Lifestyle intervention can improve insulin sensitivity in obese youth, yet few studies have examined the molecular signatures associated with these improvements. Therefore, the purpose of this study was to explore gene expression changes in whole blood that are associated with intervention-induced improvements in insulin sensitivity.


Fifteen (7M/8F) overweight/obese (BMI percentile = 96.3 ± 1.1) Latino adolescents (15.0 ± 0.9 years) completed a 12-week lifestyle intervention that included weekly nutrition education and 180 minutes of moderate-vigorous exercise per week.

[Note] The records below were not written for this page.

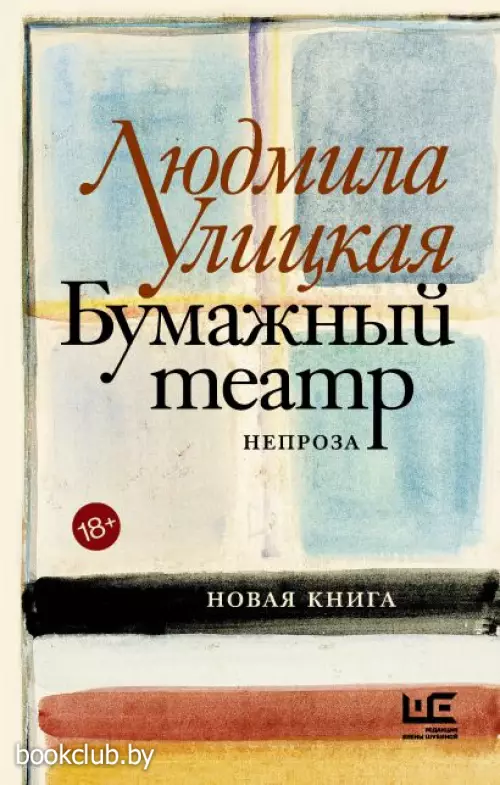 Бумажный театр: непроза Бумажный театр: непроза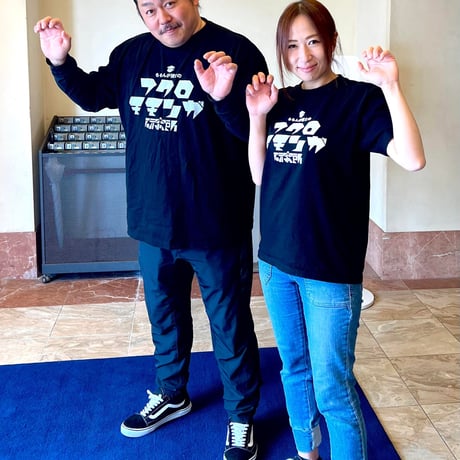 フクロモモンガ研究所オリジナルロゴTシャツ(ブラック)大きいサイズ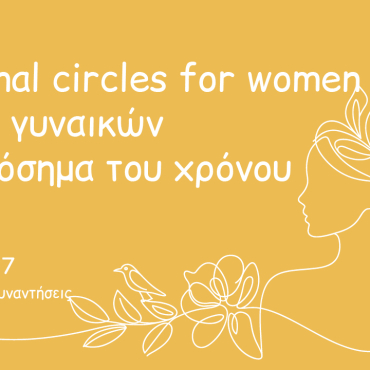 Seasonal circles for women: Κύκλοι γυναικών στα ορόσημα του χρόνου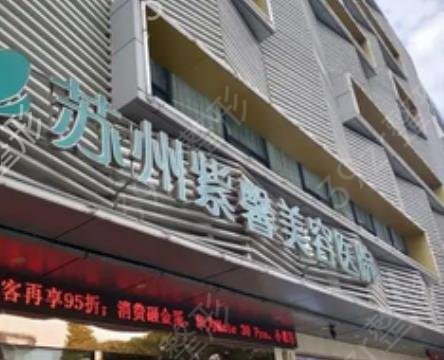 苏州隆鼻医院排名前十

Insulin sensitivity was estimated by an oral glucose tolerance test and the Matsuda Index. Global microarray analysis profiling from whole blood was performed to examine changes in gene expression and to explore biological pathways that were significantly changed in response to the intervention.


A total of 1,459 probes corresponding to mRNA transcripts (717 up, 742 down) were differentially expressed with a fold change ≥1.2. These genes were mapped within eight significant pathways identified, including insulin signaling, type 1 diabetes, and glycerophospholipid metabolism. Participants with increased insulin sensitivity exhibited five times the number of significant genes altered compared with nonresponders (1,144 vs. 230).


These findings suggest that molecular signatures from whole blood are associated with lifestyle-induced health improvements among high-risk Latino youth.